> Problem
In the entries that follow, repeat exactly the lines from the one that has "Proceedings 42 00055 g006" through the one that has "[KCS 14 31 20", but omit pictures.

> Available data

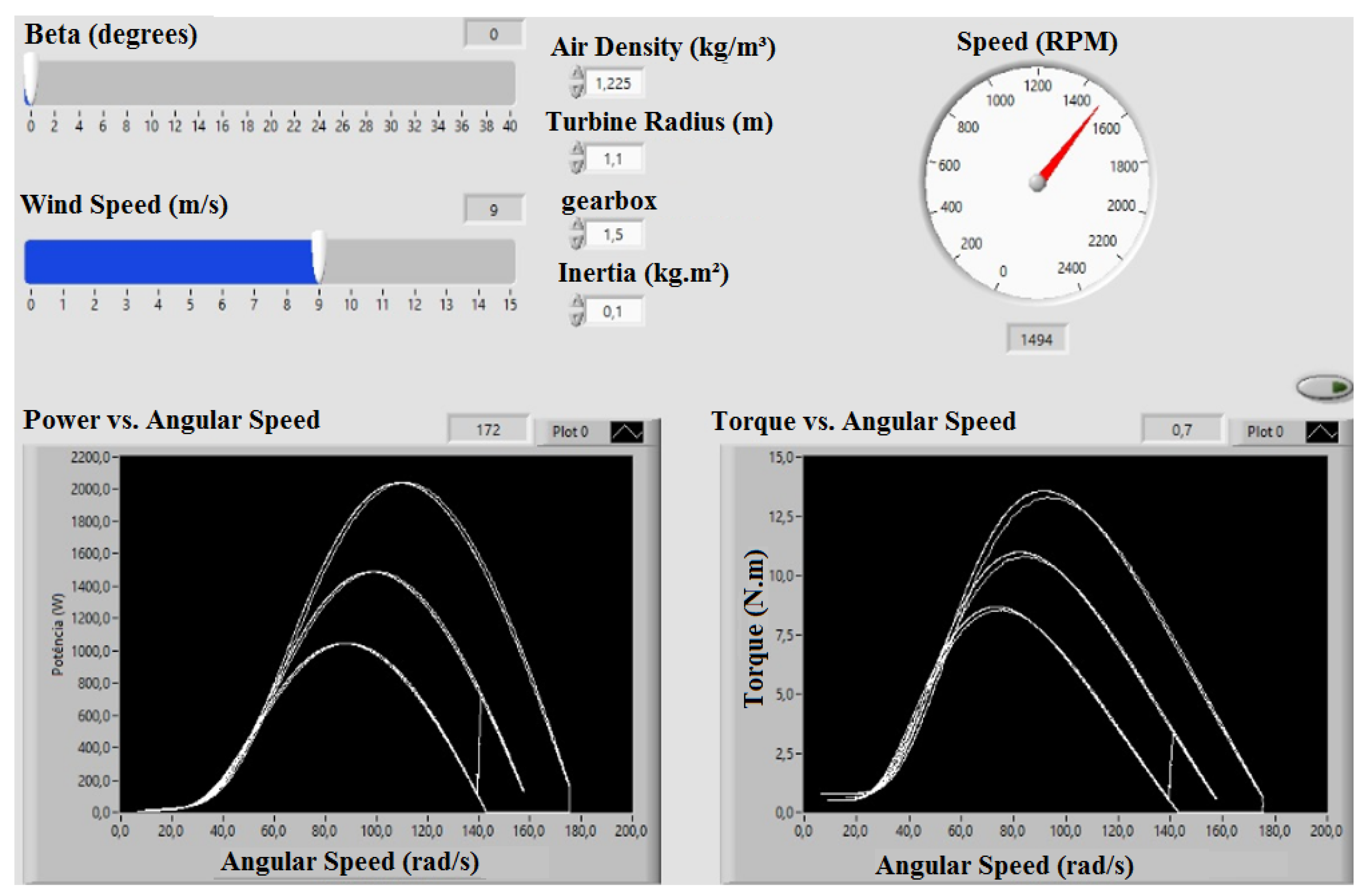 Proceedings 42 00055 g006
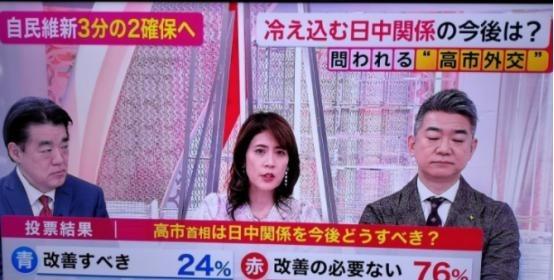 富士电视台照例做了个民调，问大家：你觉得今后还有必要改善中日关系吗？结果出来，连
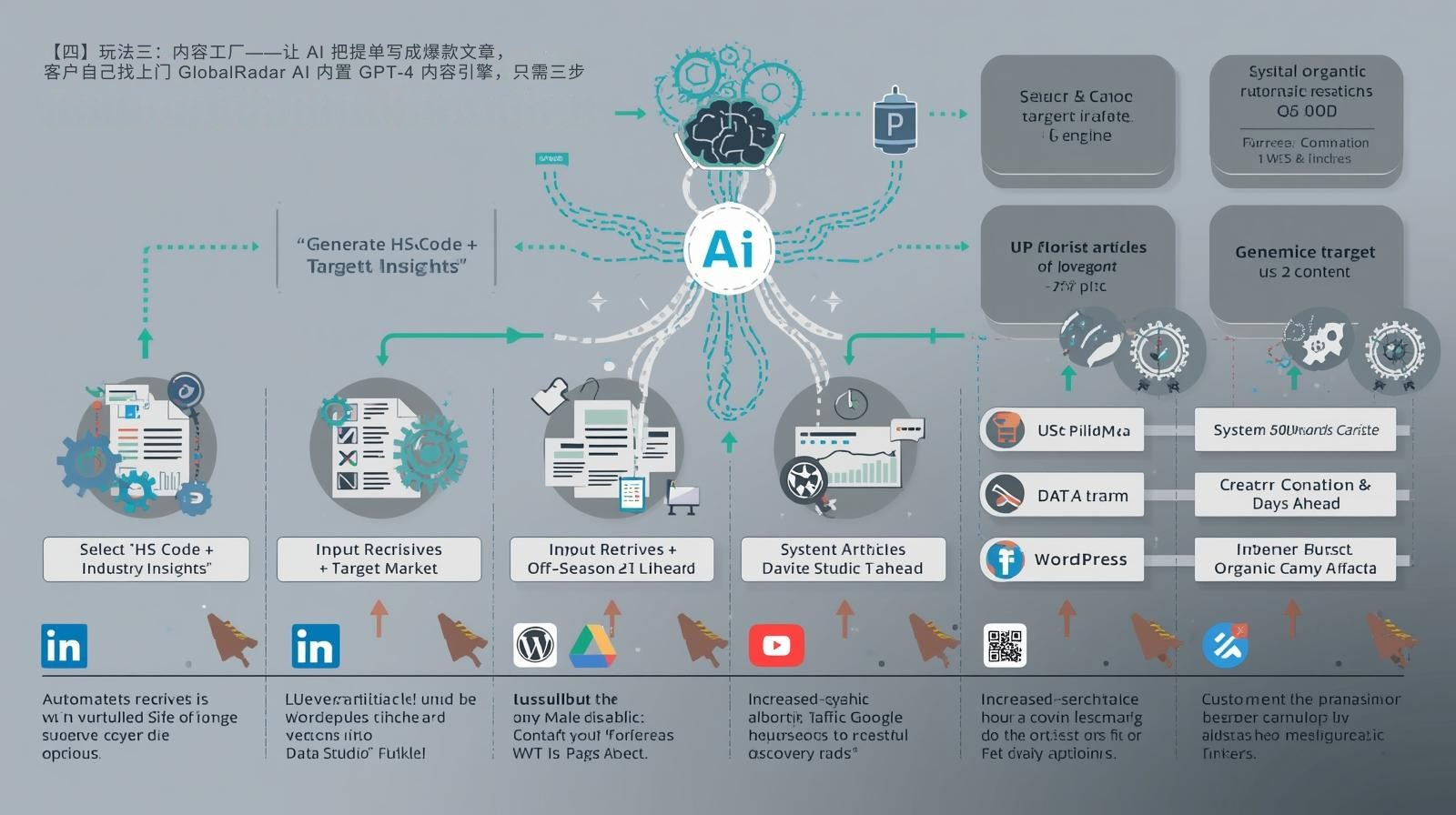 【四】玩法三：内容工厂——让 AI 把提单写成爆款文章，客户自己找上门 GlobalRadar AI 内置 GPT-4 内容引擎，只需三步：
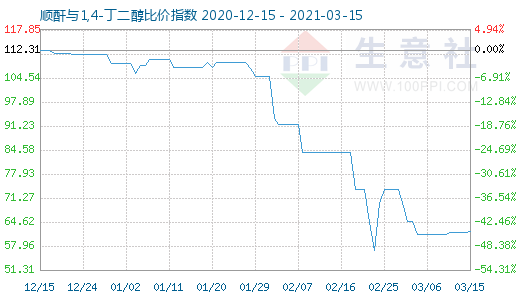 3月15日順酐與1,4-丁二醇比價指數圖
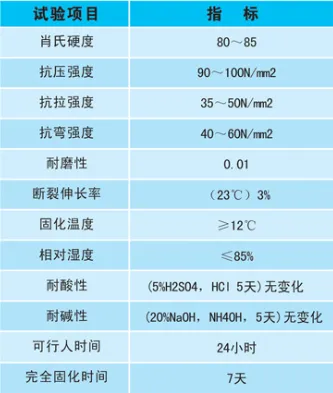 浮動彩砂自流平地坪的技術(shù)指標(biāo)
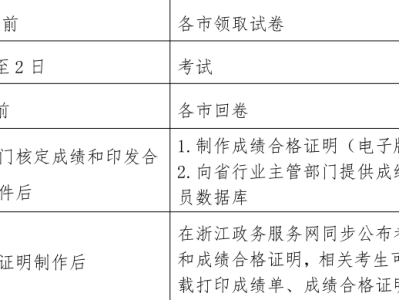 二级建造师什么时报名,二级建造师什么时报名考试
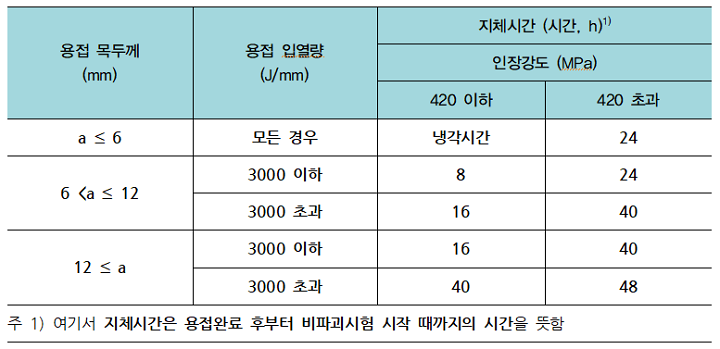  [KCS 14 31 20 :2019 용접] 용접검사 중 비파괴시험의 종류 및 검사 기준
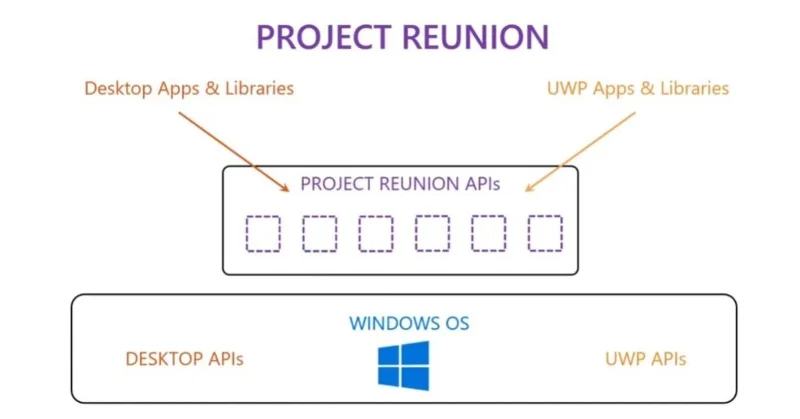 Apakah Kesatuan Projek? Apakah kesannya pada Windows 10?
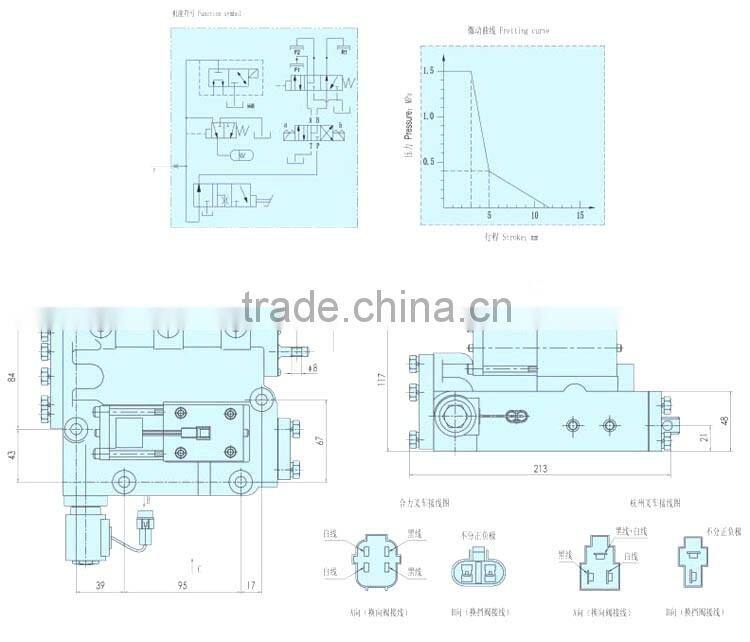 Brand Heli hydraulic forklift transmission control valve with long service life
...
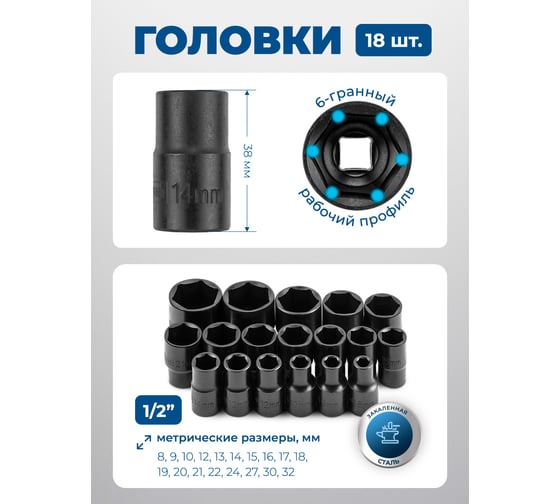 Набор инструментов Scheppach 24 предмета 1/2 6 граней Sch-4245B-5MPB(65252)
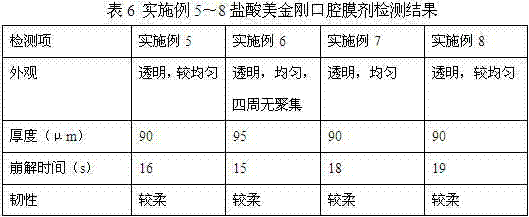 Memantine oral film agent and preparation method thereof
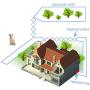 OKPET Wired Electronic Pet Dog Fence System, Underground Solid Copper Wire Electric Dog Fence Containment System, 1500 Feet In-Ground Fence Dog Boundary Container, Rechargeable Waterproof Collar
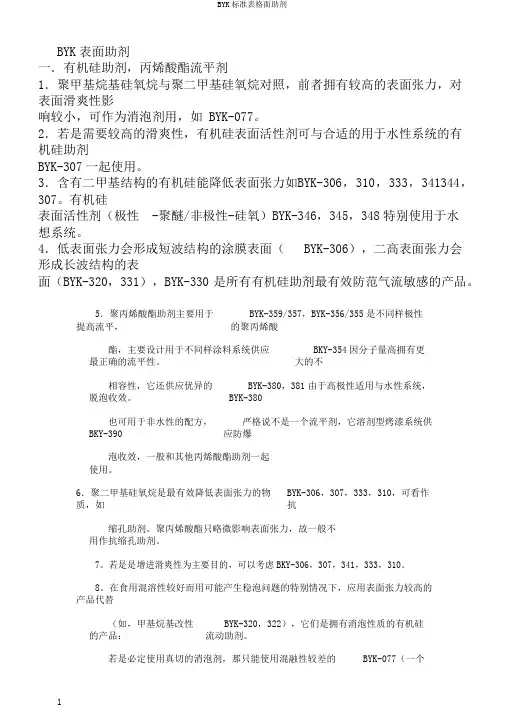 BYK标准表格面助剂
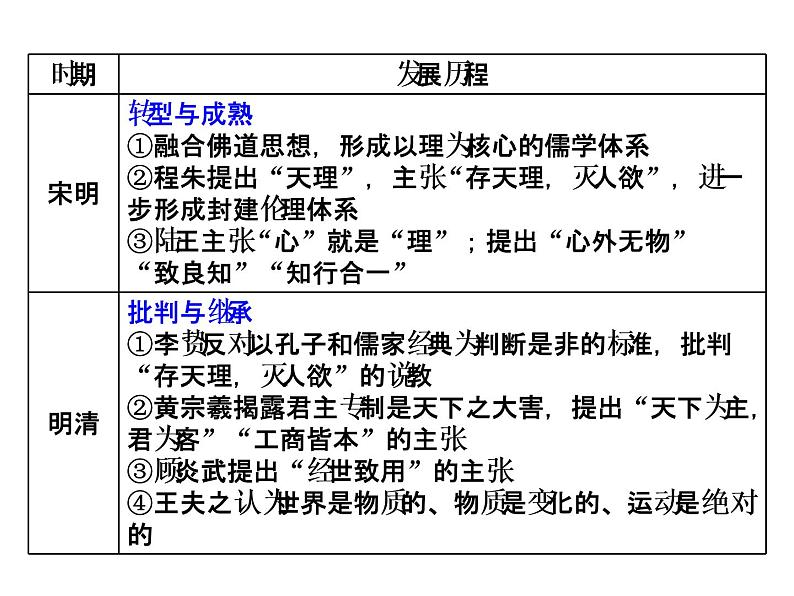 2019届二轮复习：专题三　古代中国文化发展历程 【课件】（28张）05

> Answer area
 Proceedings 42 00055 g006
 富士电视台照例做了个民调，问大家：你觉得今后还有必要改善中日关系吗？结果出来，连
 【四】玩法三：内容工厂——让 AI 把提单写成爆款文章，客户自己找上门 GlobalRadar AI 内置 GPT-4 内容引擎，只需三步：
 3月15日順酐與1,4-丁二醇比價指數圖
 浮動彩砂自流平地坪的技術(shù)指標(biāo)
 二级建造师什么时报名,二级建造师什么时报名考试
  [KCS 14 31 20 :2019 용접] 용접검사 중 비파괴시험의 종류 및 검사 기준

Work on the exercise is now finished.